Yes, the artist imitates, but the artist has to have a certain knowledge about what is being imitated in order to imitate it well and conjure the appropriate pleasures for the viewer. So, the artist has greater access to the emotional and psychological aspect of human beings. The artist has to know what it means to be happy, sad, angry, intense, calm, etc., if the artist is going to portray the substance of these emotions accurately in their work.
The artist, with this knowledge of human psychology and emotion, can construct a composition that creates specific emotions within the viewer. The two emotions that stand out for Aristotle are pity and fear. When the artist can create a composition that produces these two emotions, especially when they are produced intensely, then the viewer can have a cathartic experience.

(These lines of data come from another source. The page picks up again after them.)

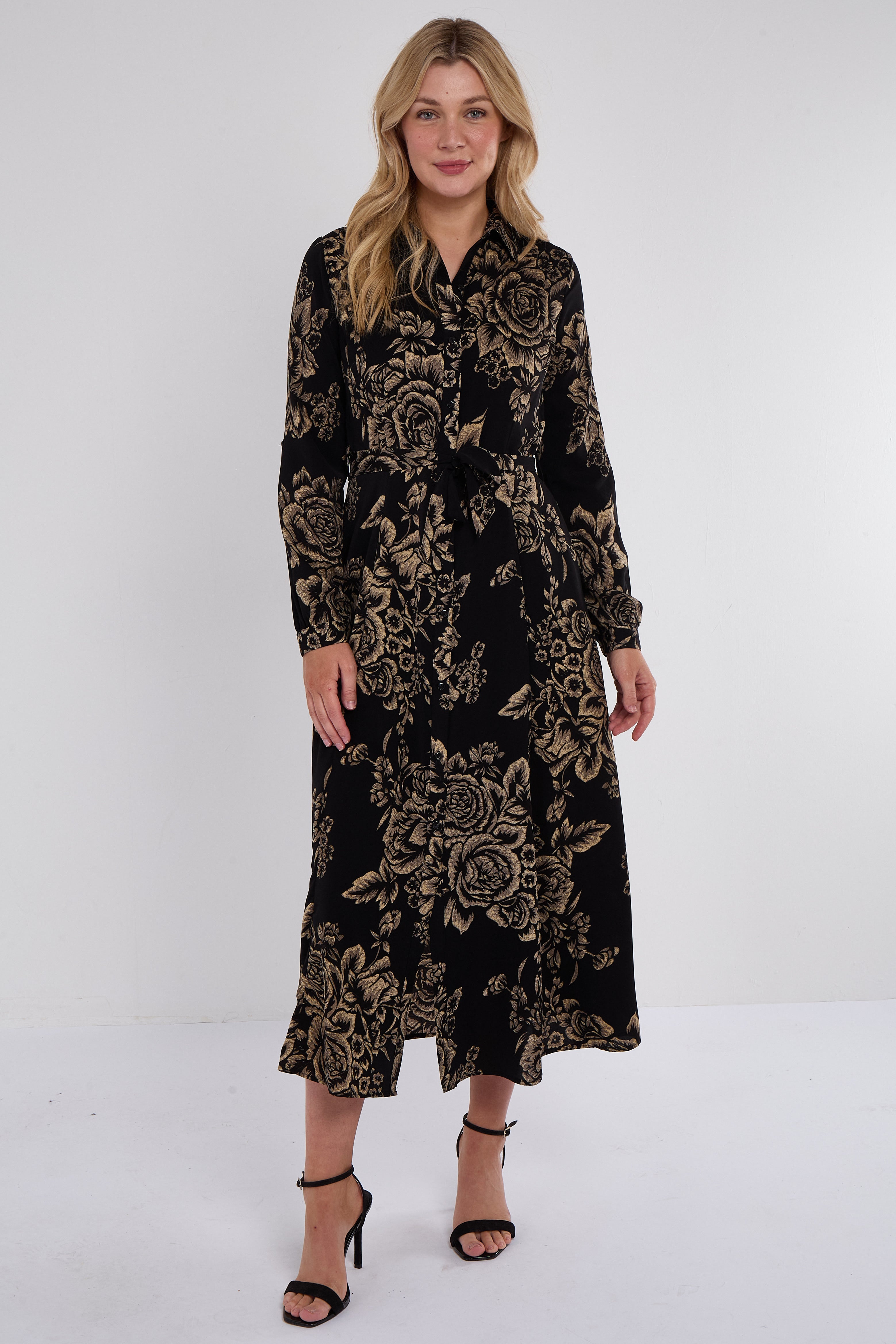 8Pcs Black and Gold Vintage Rose Print Maxi Shirt Dress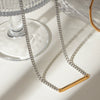 Women's Stainless Steel Geometric Square Pendant Necklace With Electroplating Color Matching And Quiet Design Sense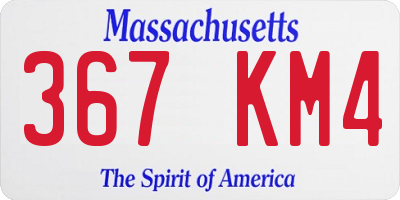 MA license plate 367KM4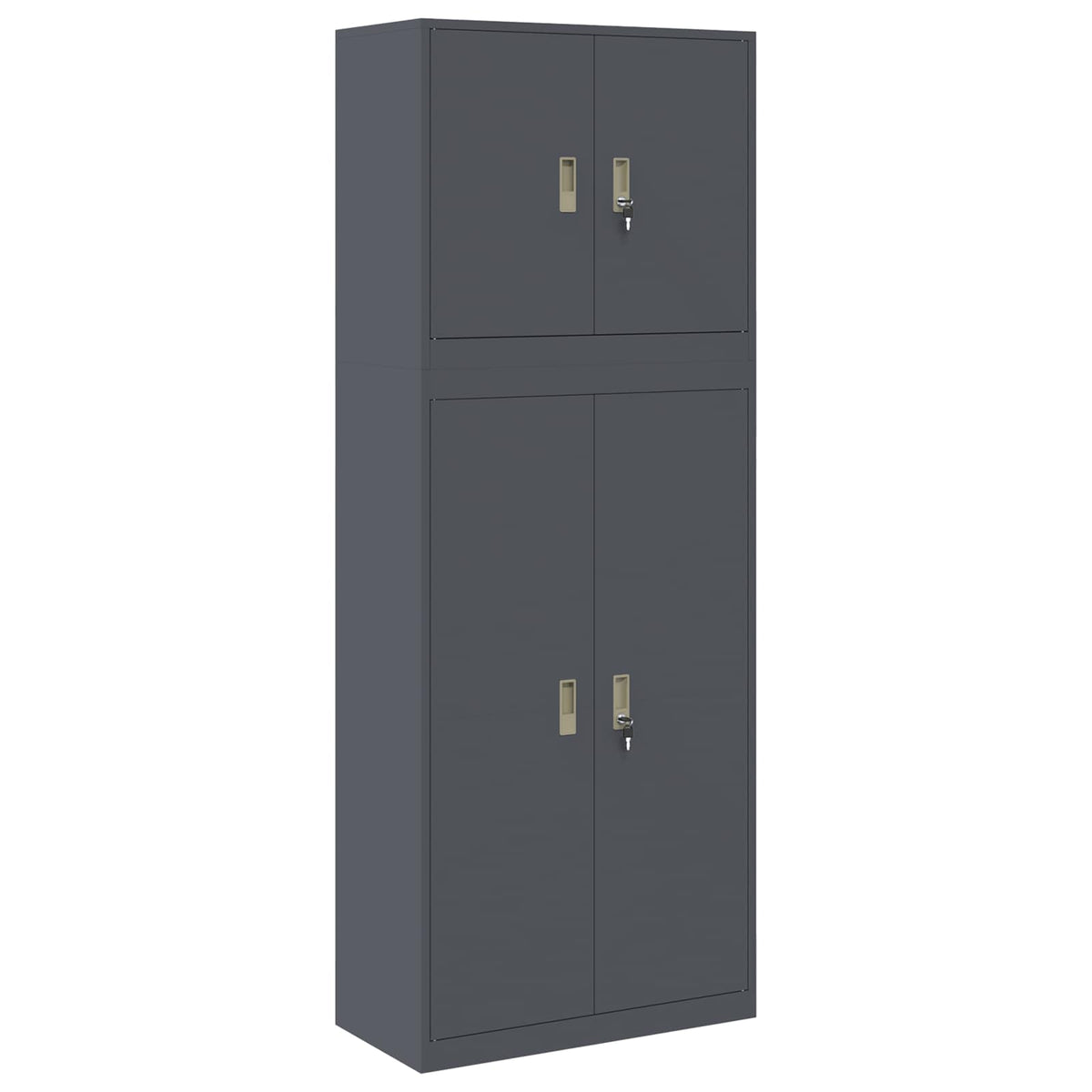 vidaXL Storage Cabinet 2 pcs Anthracite 80 x 40 x 210 cm Steel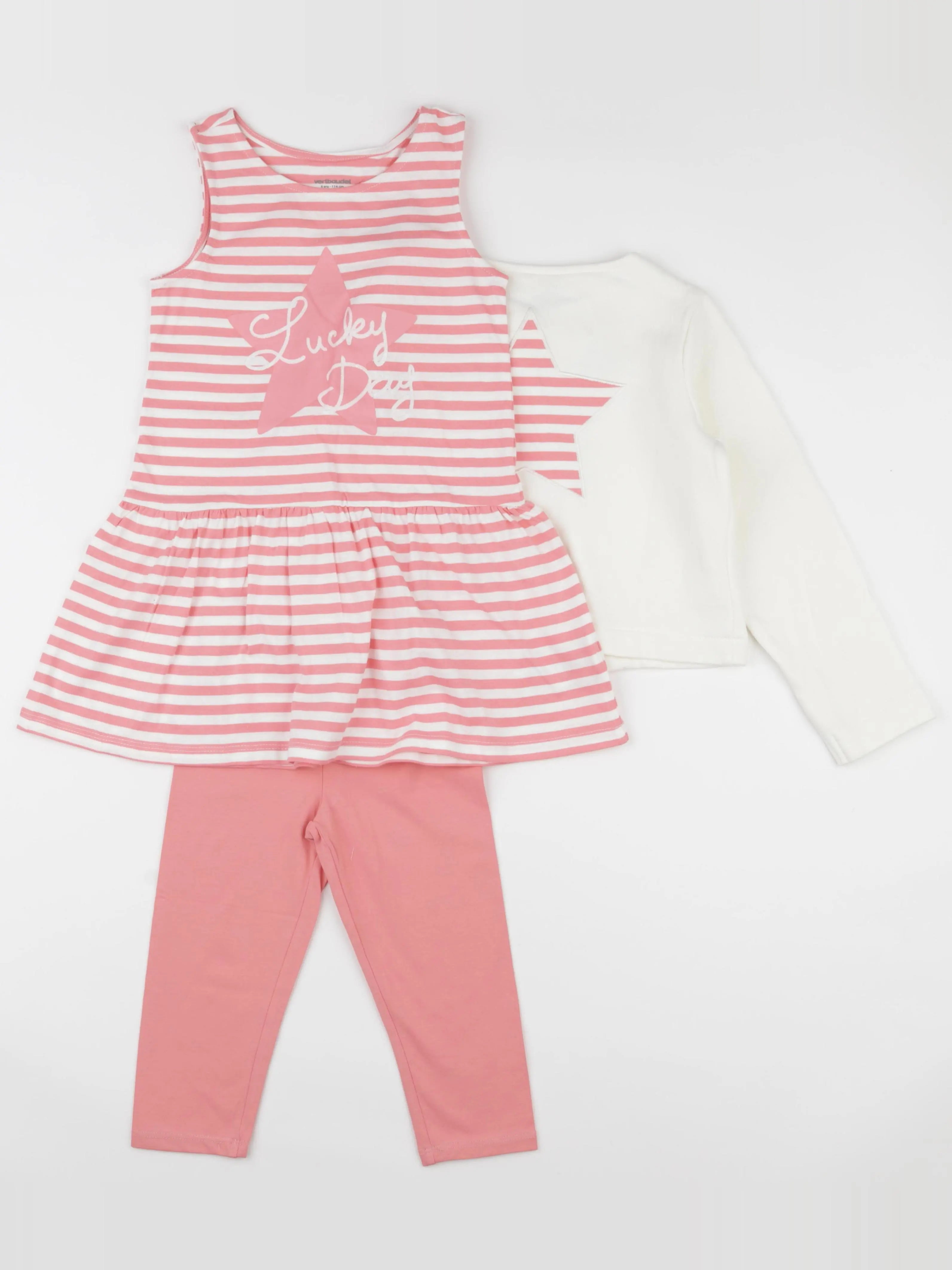 Vertbaudet - ensemble imprimé au dos blanc, rose - 6 ans
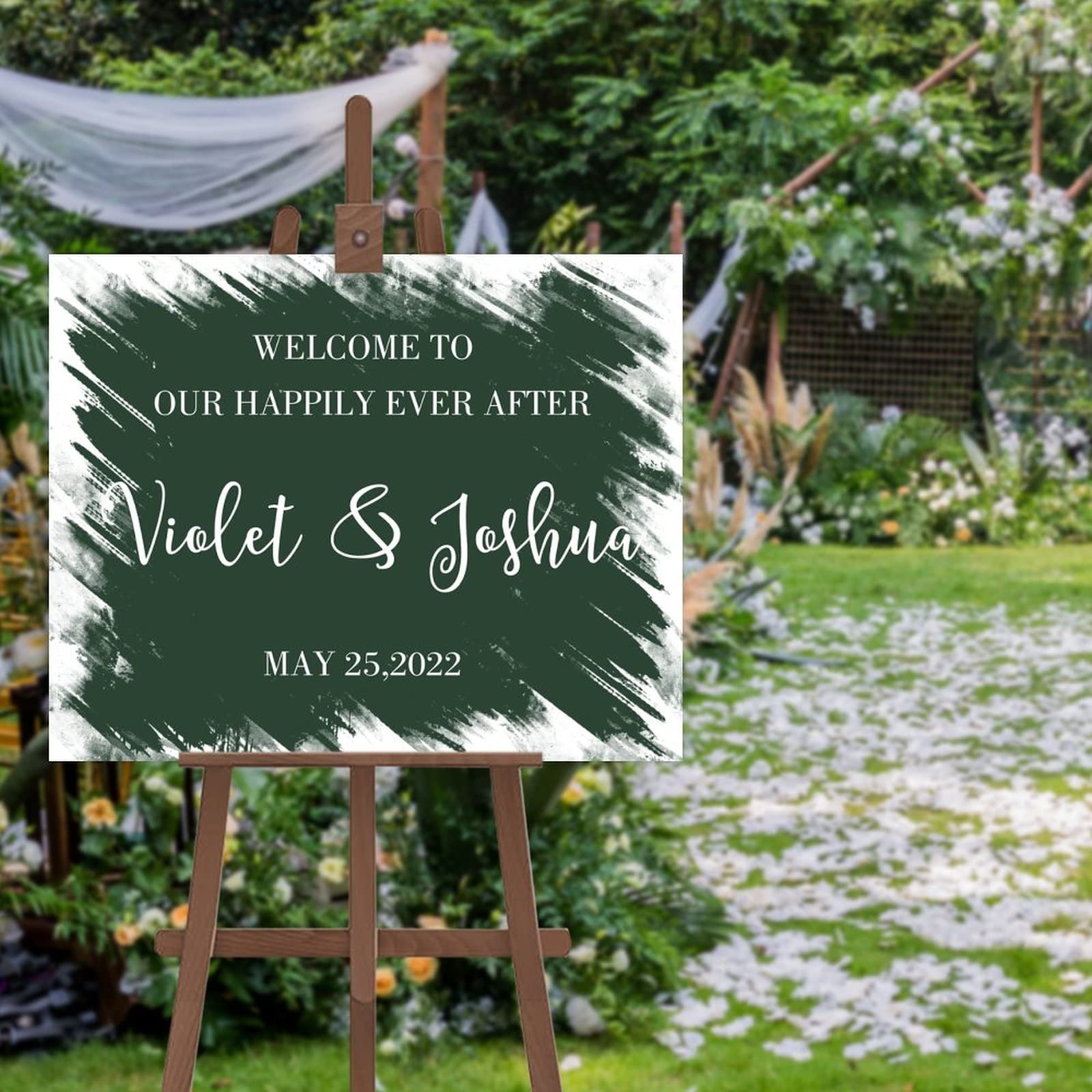 'Welcome Modern Calligraphy Sign Custom Wedding Printable Template Custom Made Any Date' Spersonalizowany znak ślubny powitalny 45 x 61 cm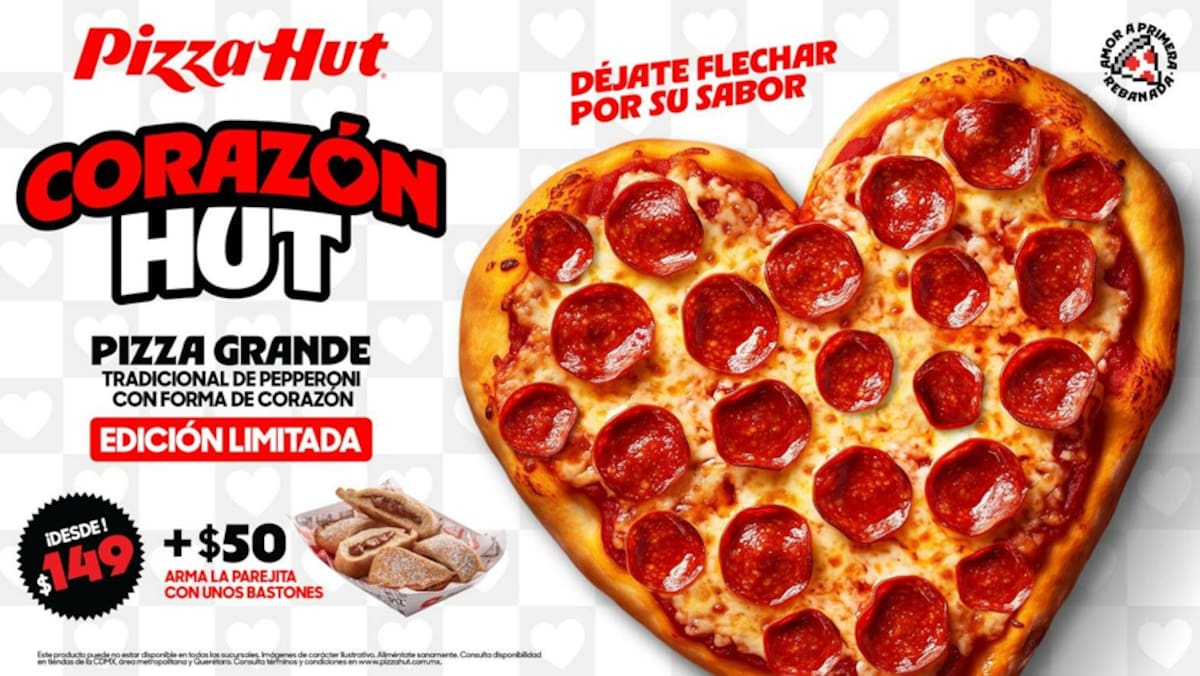 Pizza Hut lanza pizza en forma de corazón por San Valentín. | Foto: Cortesía.
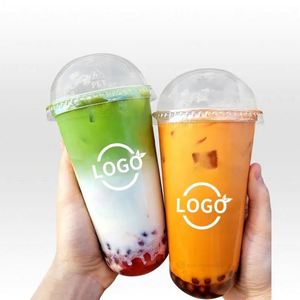 Gobelet en plastique transparent de 500 ml (16 oz) en forme de U de 89 mm pour boissons froides et café, personnalisable avec impression et logo - Product Image 4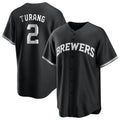 MATTH M.Brewers #2 Brice Turang Player Black Game Home Stitched Jerseys
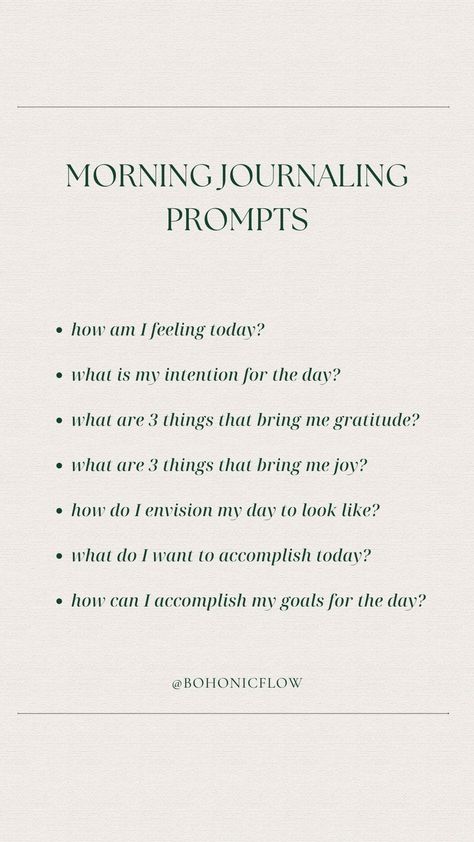 Gratitude Prompts Morning, Own Your Morning Elevate Your Life, Morning Journal Prompts For Productivity, Goal Setting Affirmations, 5minute Journal, Bedtime Prompts, Morning Writing Prompts, Morning Gratitude Journal, Spiritual Morning Routine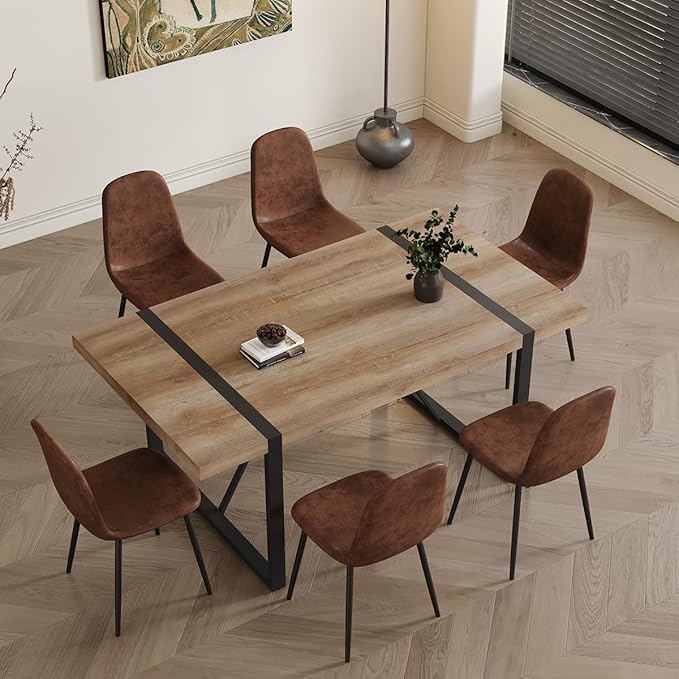 7 Piece Dining Table Set，Dinner Table Set for 6，71'' Kitchen Table and Suede Nap Fabic Chairs Set of 6，6 Chair Dining Table Set for Kitchen Dining Room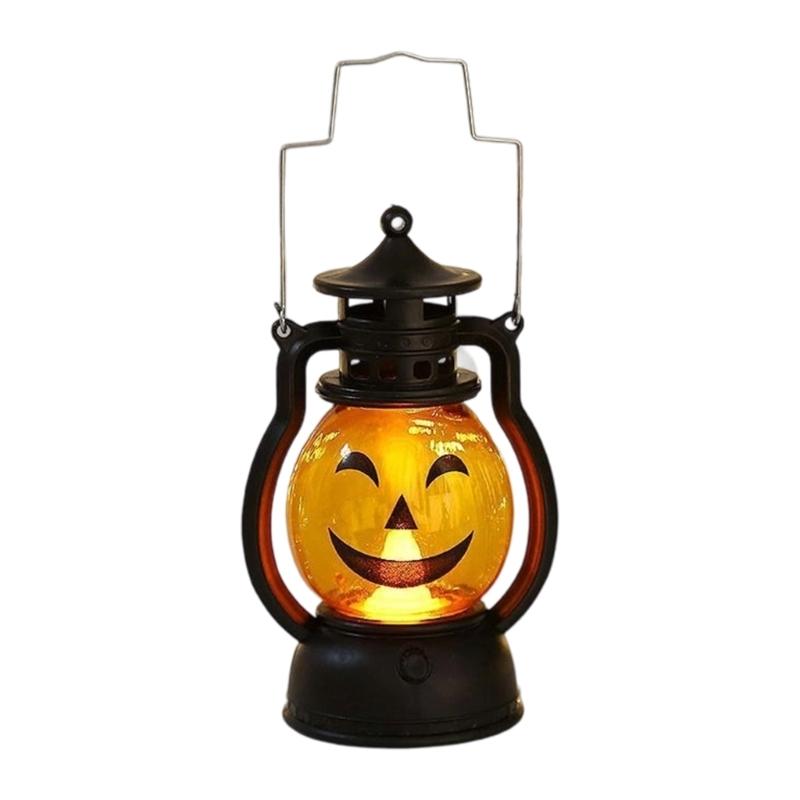 

Safe Plastic Pumpkin Light Halloweens Party Decoration Battery Operated Quick Setups Mysterious Theme Designs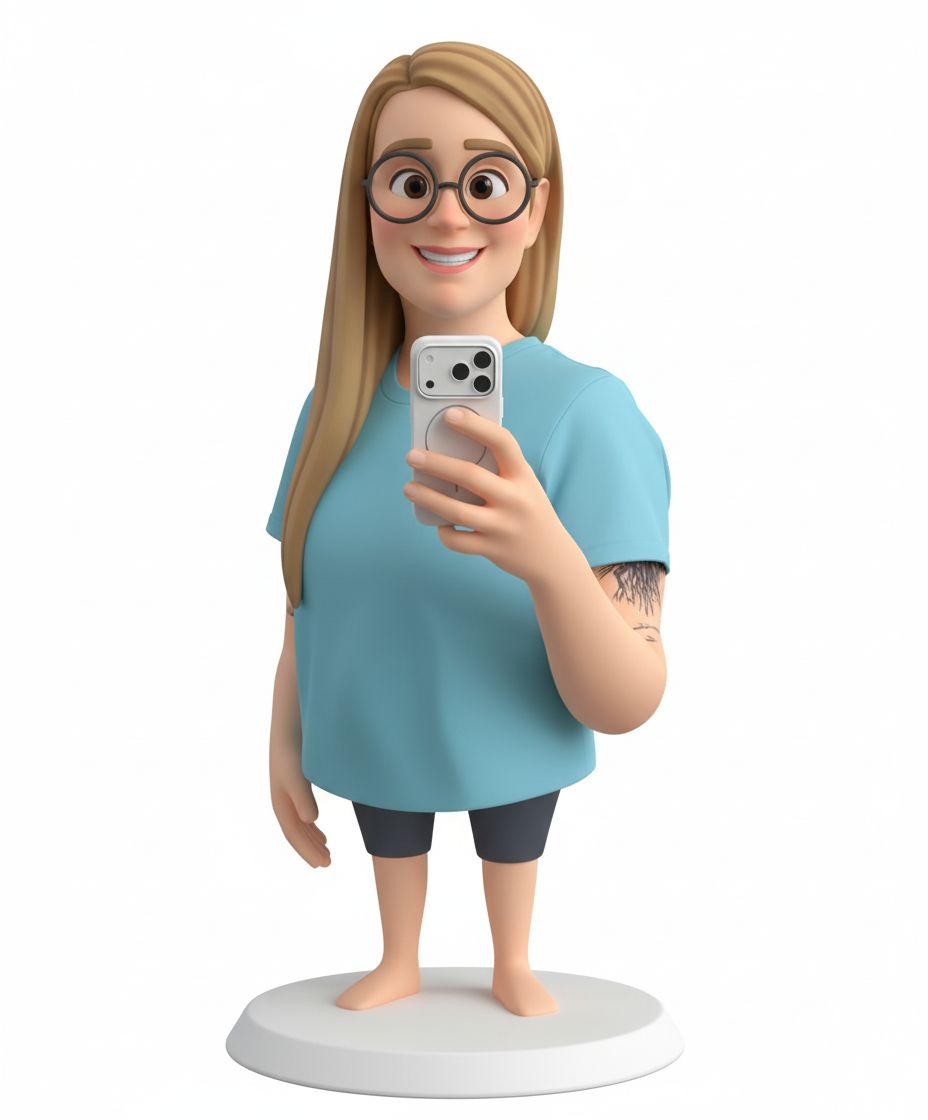 Blonde Woman Selfie Figurine free 3D printable STL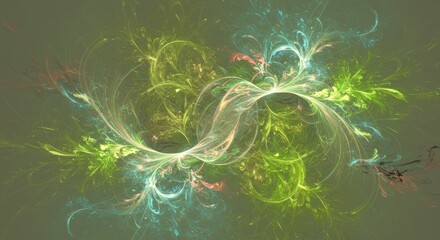 Ethereal green and teal fractal art with swirling light and delicate tendrils
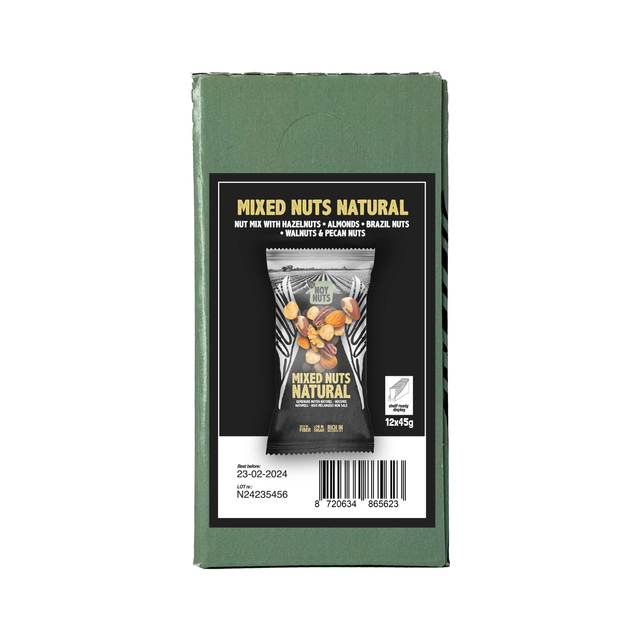 Een Noten NoyNuts naturel mix zak 45 gram koop je bij VDP Office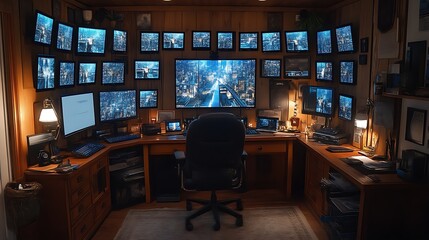 Surveillance room with multiple monitors displaying cityscapes.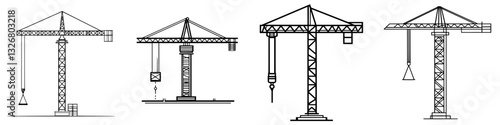 Various types of cranes used in construction displaying their structures and mechanisms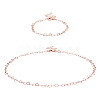 1 Set Brass Heart Link Chain Bracelets & Necklace SJEW-TA0001-04-1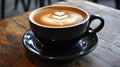 Latte Art Coffee Cup on Wooden Table - Espresso Drink with Foam Design Royalty Free Stock Photo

What, then, is catharsis? It has been interpreted as an experience in which pity and fear are taken to an extreme and are purged or purified at their limit. Imagine sitting through a movie that makes you weep because of the fear and pity you feel at the protagonist’s sufferings. Something about this experience, for Aristotle, is ethical.
So the artist, for Aristotle, engages in ethics by understanding the final cause of their art, that is, the emotional and psychological happenings of themselves and their fellow human beings. This is the foundation of building an ethical community.
Plato and Aristotle agree that virtue is essential for a well-lived life. The disagreement presented here would find itself revisited multiple times throughout our historical struggle around the purposes of our arts. This struggle poses the question, “Which is primary for understanding ourselves in relation to our creations: turning toward the world in an attempt to build an ethics within it or transcending the ways of the world toward the potential peace of moral absolutes?”
We are still only trying to figure it out. We don’t have all of the answers, but it’s part of our story to keep trying, to approach our art with the thoughtfulness and care it deserves, to think of eternity and move toward the future with the type of probing questions built on sincerity. So, what do you think? Do you point up with Plato or gesture toward the earth with Aristotle? Is it possible or wise to attempt both? Or is it wiser to try something new altogether?
Vasari. “Raphael.” The Lives of the Artists. Translation and Editorial Material by Julia Conaway Bondanella and Peter Bondanella, Oxford University Press, 1991, p. 312.